> Supplied records
····················

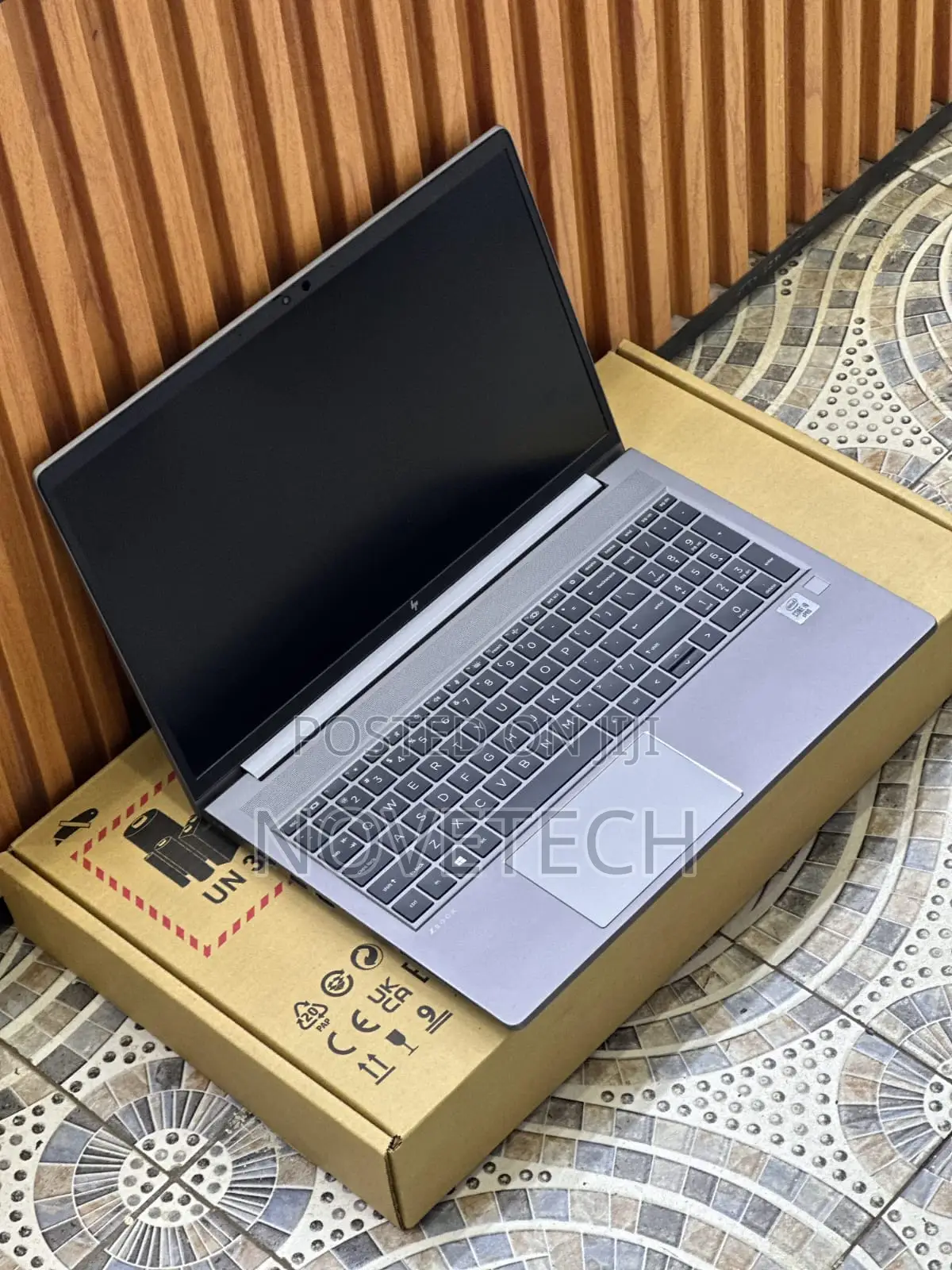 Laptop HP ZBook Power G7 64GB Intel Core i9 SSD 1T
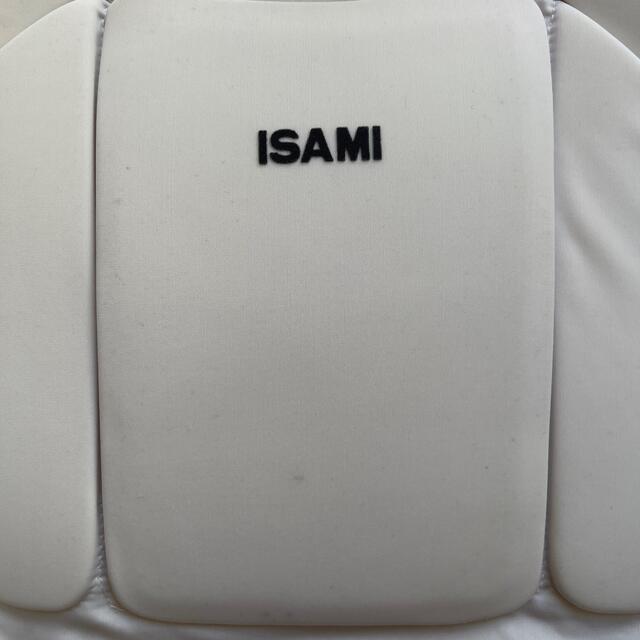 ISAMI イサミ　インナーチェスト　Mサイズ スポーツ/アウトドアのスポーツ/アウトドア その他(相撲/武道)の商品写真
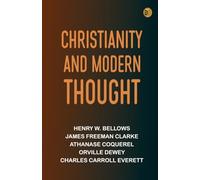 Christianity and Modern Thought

····················

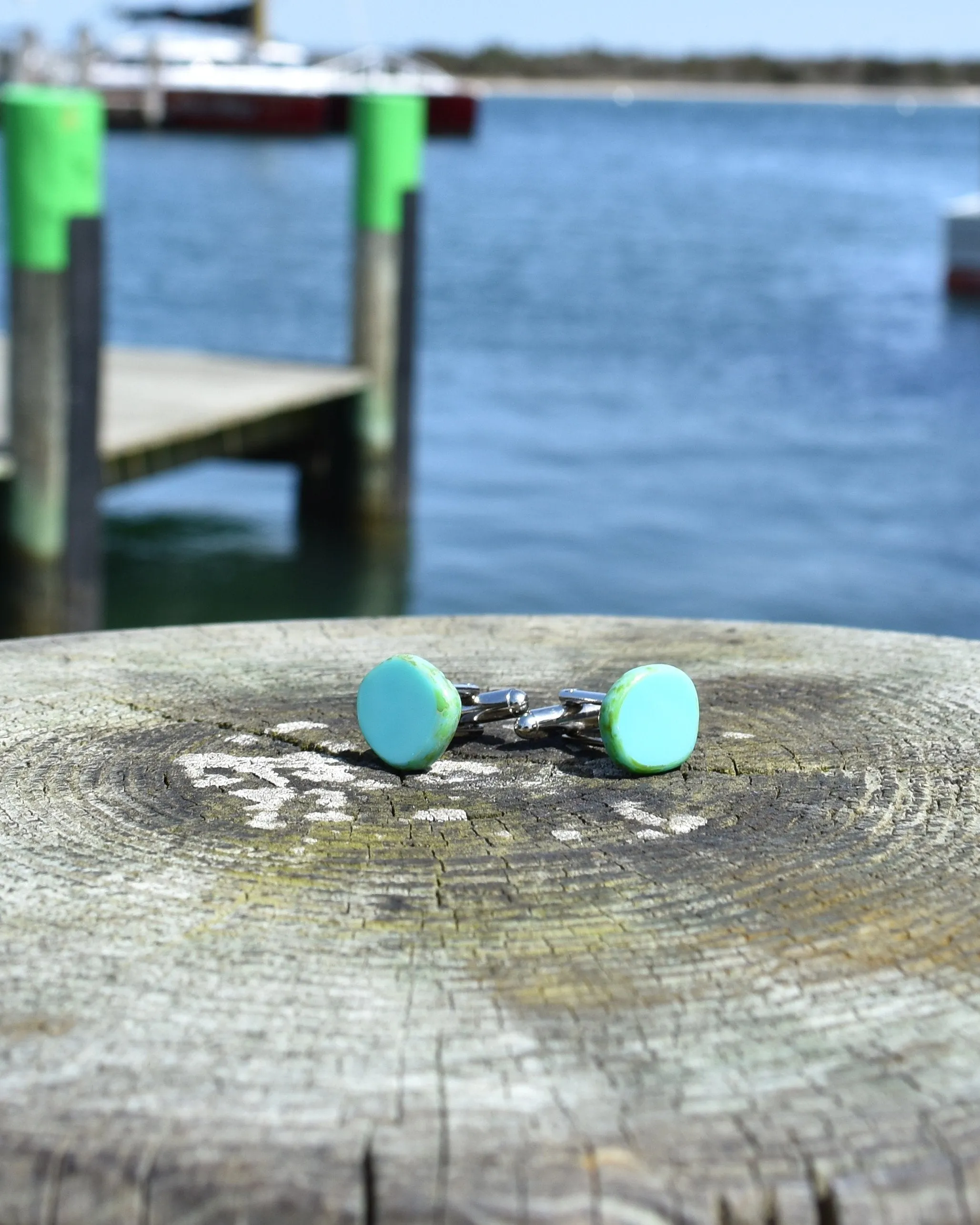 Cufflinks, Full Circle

····················

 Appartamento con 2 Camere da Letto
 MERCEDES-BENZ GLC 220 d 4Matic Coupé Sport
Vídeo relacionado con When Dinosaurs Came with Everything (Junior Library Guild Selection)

····················

> Assignment
Return exactly the stretch above whose first line contains "Laptop HP ZBook" and whose last line contains "Christianity and Modern Thought", and nothing outside it. The pictures should not appear.

> Solution for this task
 Laptop HP ZBook Power G7 64GB Intel Core i9 SSD 1T
 ISAMI イサミ　インナーチェスト　Mサイズ スポーツ/アウトドアのスポーツ/アウトドア その他(相撲/武道)の商品写真
 Christianity and Modern Thought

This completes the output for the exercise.